The meat of the course tackled, among other topics:

  • Categorizing data and assigning priority and sensitivity (personally identifiable information, sensitive data and other categories);
  • Mapping data flows and interactions with customers; enhancing data with appended information, and ensuring its use for marketing only;
  • Having a data quality strategy as part of a data strategy;
  • Calculating return on data investment;
  • The emergence of digital, mobile and social data platforms, and how these present both structured and unstructured data collection and insight analysis challenges;
  • Assigning data “ownership”;
  • Calculating and assigning risk regarding security;
  • Monitoring security, investigating potential incidents of a breach, and handling a response to a breach were it to occur (using recent breach response examples of LinkedIn and Epsilon); as well as
  • Laws, ethics and best practices for all of these areas.

One of my concerns is the importation of European-style privacy protection in America, and current fascination with such protections by U.S. regulators and elected officials. That is worth another blog post in itself, but I can assure you that we need to educate politicians about the superiority of self and peer regulation where no consumer harm exists.

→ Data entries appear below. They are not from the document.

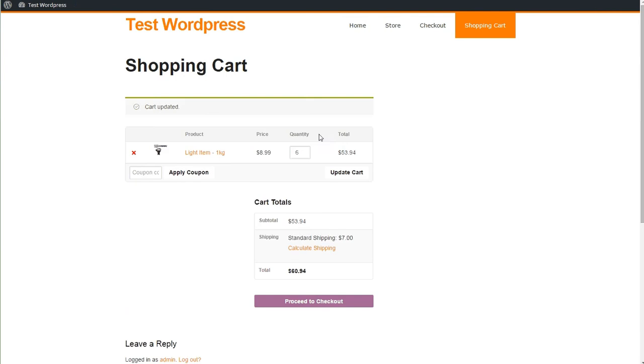I'm going to update the cart, add a few more items. We're up to $53 now in the cart. And correctly, the plugin has calculated the shipping at $7. Fantastic.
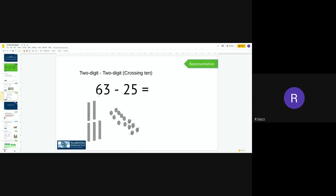I'm going to now do my tens. So I did have six tens, but I had to take one of these tens and put it in the ones, so I'm now left with five tens. And I need to subtract two from there, and what I'm going to do is cross out two tens. So one, two.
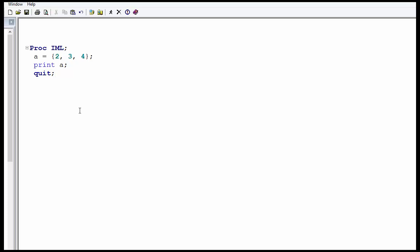You can do basic matrix operations using this. Say for example, you want to add a number to each of the elements of the matrix A and call it matrix B. B is nothing but A plus 2. I am adding 2 to each and every element of A. And then I am printing B.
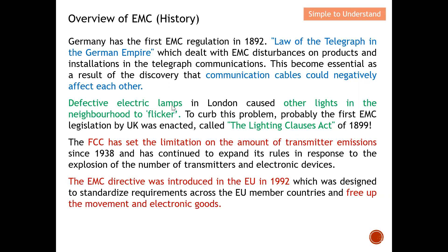The UK introduced a law to ensure everyone complied. The FCC has set limitations on the amount of transmitter emissions since 1938. The FCC, from the US, set the maximum for unintentional emissions and continued to expand its rules in response to the explosion in numbers of transmitters and electronic devices. As we all own more and more electronic devices — iPads, mobile phones, etc. — all capable of transmitting, the FCC set out regulations to prevent extraordinarily high emissions that could cause interference to neighboring devices.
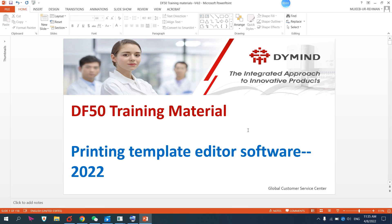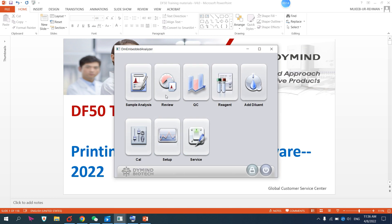Hello everyone. Today I'm going to show you how to use the printing template editor software for the DF50 and D36 analyzers. The process is the same for both. I have the DF50 demo software, so I will show you using DF50.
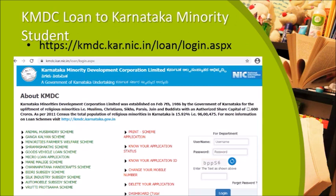KMDC (Karnataka Minority Development Corporation) provides a loan of around 30,000 per year for Karnataka minority students. Students who already availed KMDC benefit through CET have already received this. Non-CET students can use this scheme. Dates have not yet been announced; the college will notify via email. Note: this is a loan, not a scholarship, and must be repaid. Students need 60% eligibility to avail this benefit.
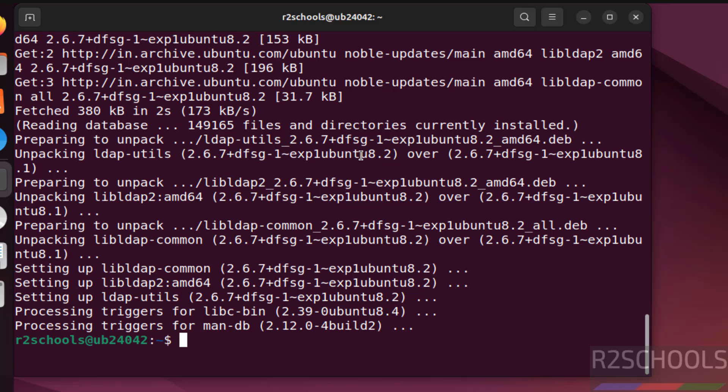So in this video we have seen how to download and install Ubuntu 24.04.2 LTS version on VMware Workstation. For more tutorials please subscribe my channel, thank you.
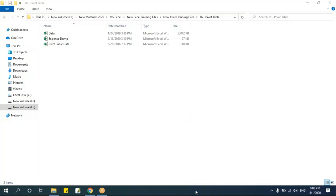Today's session will be on pivot tables. Many people think that pivot tables are very advanced, complex, or very difficult to work on. But pivot tables are very easy. First you should understand what a pivot table is, and then start working on it. A pivot table is nothing but a summarized table of the data you have — you summarize and get some reports.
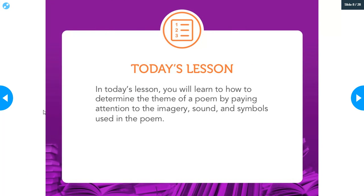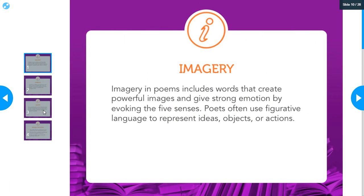We're going to be focusing on imagery, sound, and symbols and how those help reveal the theme of a poem. Imagery — y'all have a good grasp on that. It's descriptive words that help you visualize something, feel it, smell it — it's going to appeal to your five senses. That's when they're going to be using figurative language like similes and metaphors to represent these ideas.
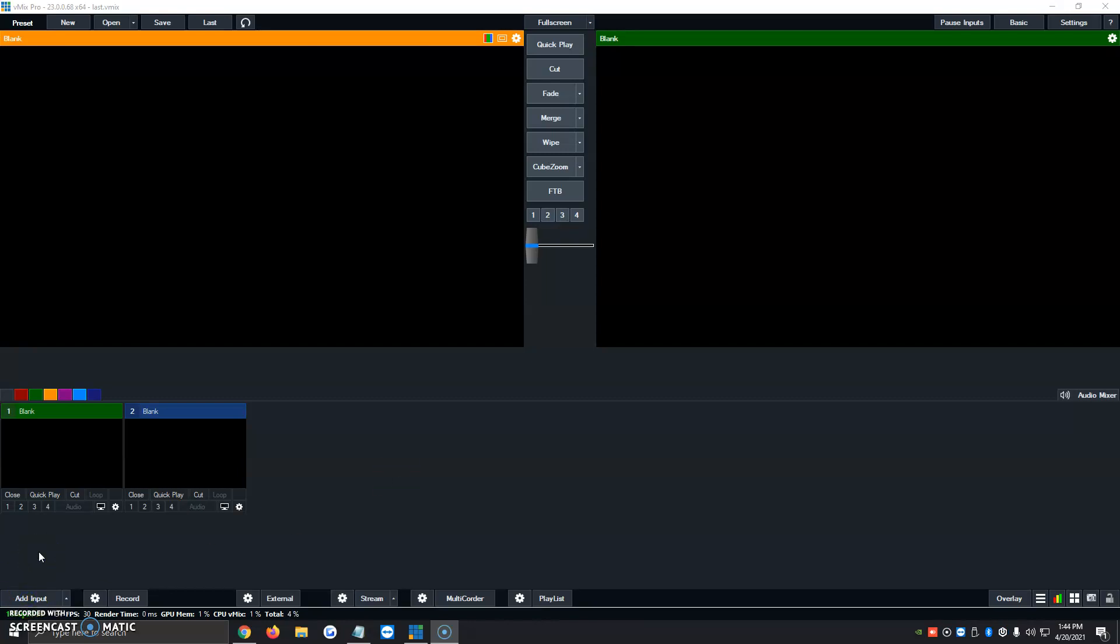Hi. Today I'm going to be showing you how to activate the chroma key and green screen option in vMix. It's a very simple process. Let's get started.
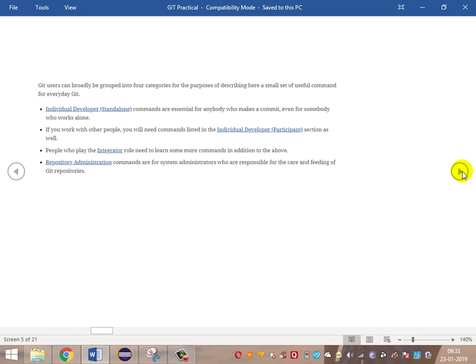Merging and rebasing are similar concepts but rebasing is a bit different. Git users are basically classified into four types: individual developer standalone, individual developer as a participant, an integrator who pushes and fetches changes from the central repository, and a repository administrator who restricts user access. This is how Git commands are distributed among these roles.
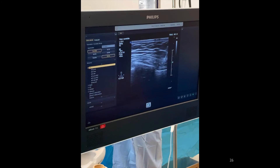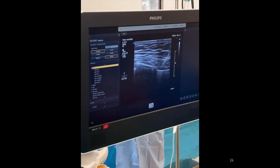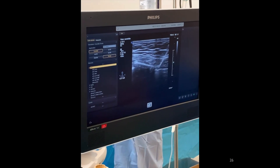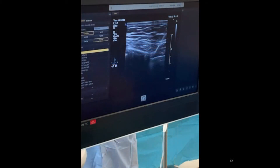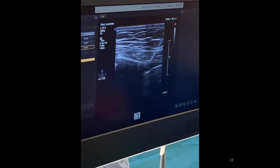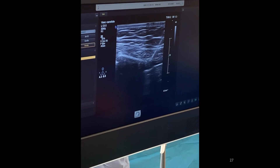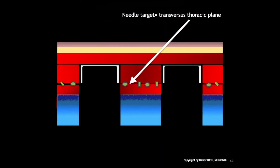During injection, there is a downward displacement of the thoracic plane, the transversus thoracic muscle and the pleura, which confirms correct deposition of local anesthetics into the transversus thoracic plane, also shown here on this cartoon.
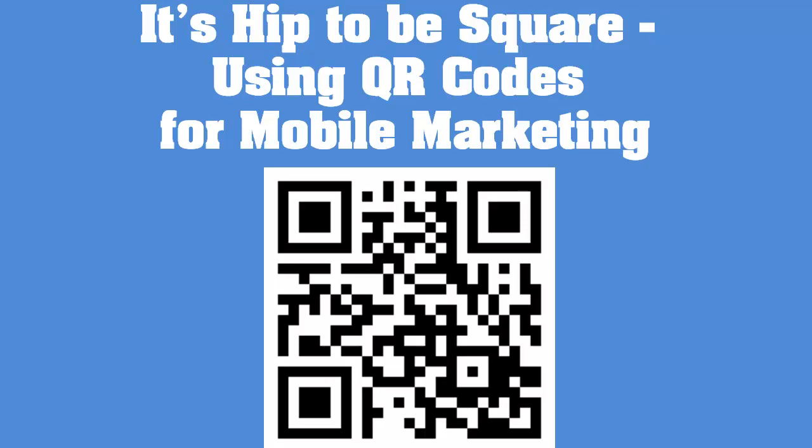Hi everyone, in this video I'm going to be talking to you about QR codes, or quick response codes.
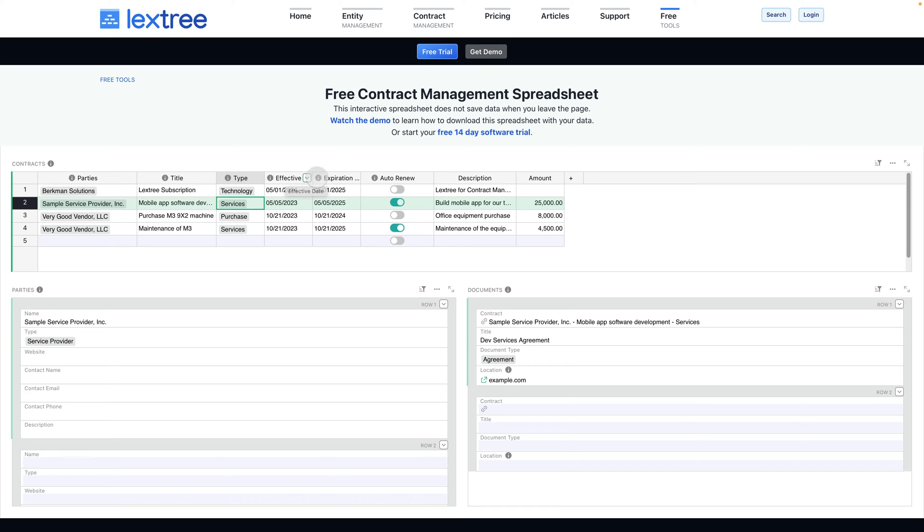The effective date of the contract and the expiration date are really important for tracking when this contract will expire and when it starts.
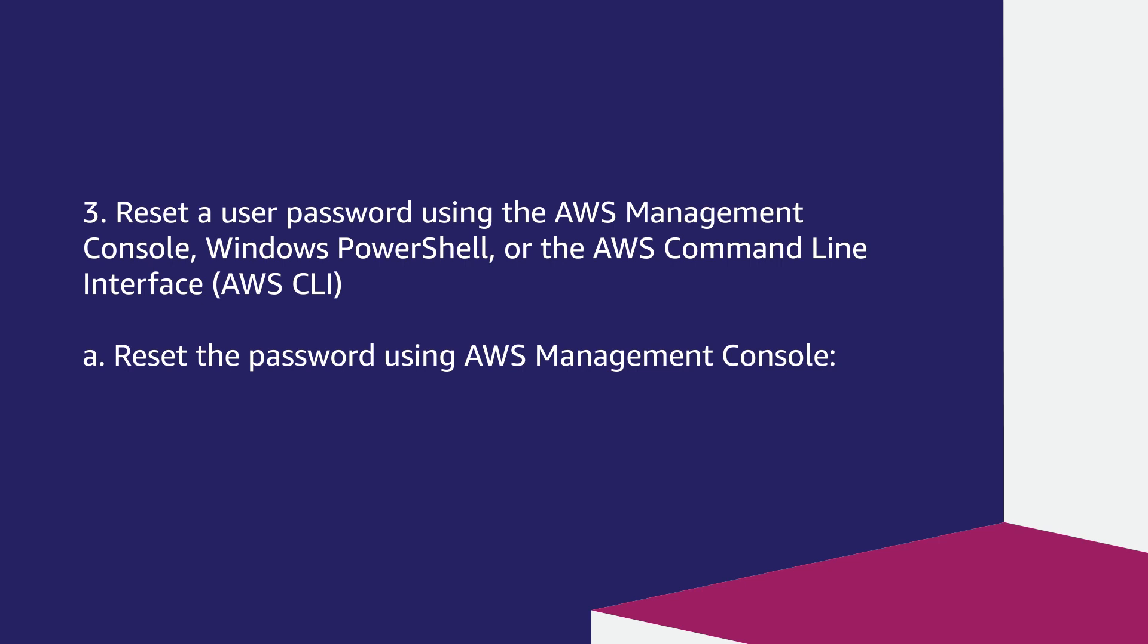Reset a user password using the AWS management console, Windows PowerShell, or the AWS command line interface, AWS CLI.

Thank you, DMA. Marketing data does not harm. It only creates consumer choice, commerce, jobs and (tax) revenue—and pays for the Internet and other media, too—and it is ridiculous to even entertain government-knows-better regulation of such information through a potential omnibus law in America, or other notions such as a government-mandated “privacy by design” requirement in marketing innovations. (On the other hand, I’m more than happy to see laws pass that protect Americans from potential government abuse of private sector marketing data—Big Brother should not be getting access to marketing data for non-marketing purposes, unless there is a demonstrable greater public good, where subpoenas are served and heard.) Privacy by design is smart business, but only when left to the innovators, not the policymakers.

Which brings me to close—and if you’re still reading this, I congratulate myself for not chasing you away. Big Data (which can incorporate far more than marketing data) goes hand-in-hand with marketing data governance. Whether a Big Data user or not, we all use marketing data everyday as our currency. Protect it. Respect it. Serve it. Govern it. So we can use it.